Earlier I judged people harshly who drank alcohol in any form, often extrapolating their fondness for alcohol as perversity of character. Now I understand that, as long as you are not a hardened alcoholic, it is fine to have some in social situations.
Earlier I sincerely believed that you fall in love only once and should be involved in a relationship only if you wish to marry that person. Experiences have taught me that things aren’t that straight forward. Moving on is an important part of your life and sometimes one does not get the things you wish for; even for no fault of yours. That’s life.
Earlier I thought physical affection was only supposed to be expressed after marriage. Premarital sex was taboo as hell. Now I am more accepting about physical affection although for some inexplicable reason, I still maintain a distance. But one-night stands are still a strict no-no.

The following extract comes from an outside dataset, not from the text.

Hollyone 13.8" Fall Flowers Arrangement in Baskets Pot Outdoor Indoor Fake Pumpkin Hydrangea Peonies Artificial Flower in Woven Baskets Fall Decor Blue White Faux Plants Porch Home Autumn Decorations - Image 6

Earlier I passionately hated smokers; considered a disgusting habit. Now I just hate smoking not the sucker at the other end of the cigarette. I just prefer that they keep their smoke out of my face.

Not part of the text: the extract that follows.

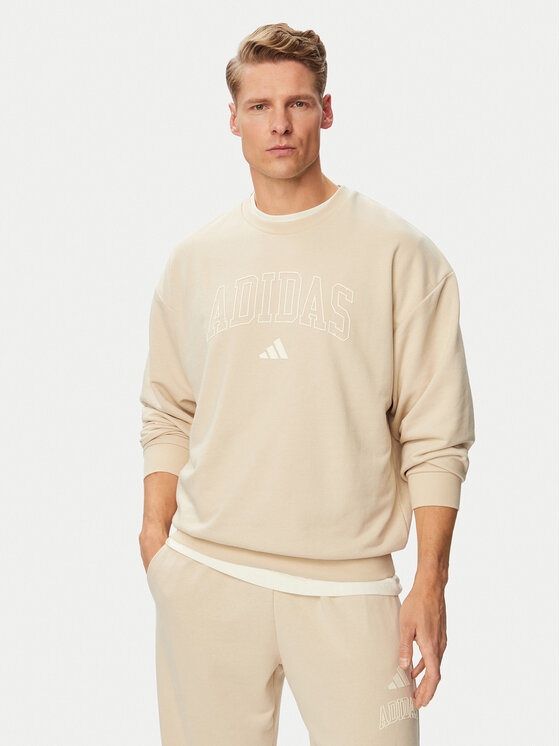 adidas Hanorac Seasonal Essentials Collegiate French Terry Crew KF4253 Bej Regular Fit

Earlier I considered people with lesser intellectual abilities to be lowly mortals. That only enhanced my arrogant snobbish image. Now, when I have seen enough humble beings with far superior intellect, I have realized that it is not how much you know but rather how you use it. But I still am impressed with people with proven skills and abilities; I just don’t despise the ones who don’t.
Earlier I had a low opinion about homosexuals and considered their sexual orientation as despicable. Now I consider their demands to marry and co-exist amicably as an undisputable right and heartily support equal status for gays and lesbians in all walks of life.
Earlier I believed that your career and earning a livelihood was everything. Rest all falls in place. Now I know that life is not sequential and multi-tasking is not merely a quality that you cite in business interviews. Everything goes hand in hand and often happens almost at the same time.
Earlier I believed that you should have your life planned out down to the last detail. You should have a clear idea of what you want to do in life and everything should fall in place sequentially, leading to your ultimate goal. Now, I know that to make God laugh, just tell him those plans. Things happen albeit for a reason and at time you are put on hold for much longer than you anticipated. You can only give it your best shot and hope for things to fall in place. But I still believe that my destiny is in my hands.
Earlier I believed in the importance of education and thought that you can never stop learning either in school or from personal experiences. More time you spent in academics always helped you in the long run. Now; .wait a sec, I still believe that.
Life is a puzzle. Sometimes it makes us laugh. Sometimes it makes us cry.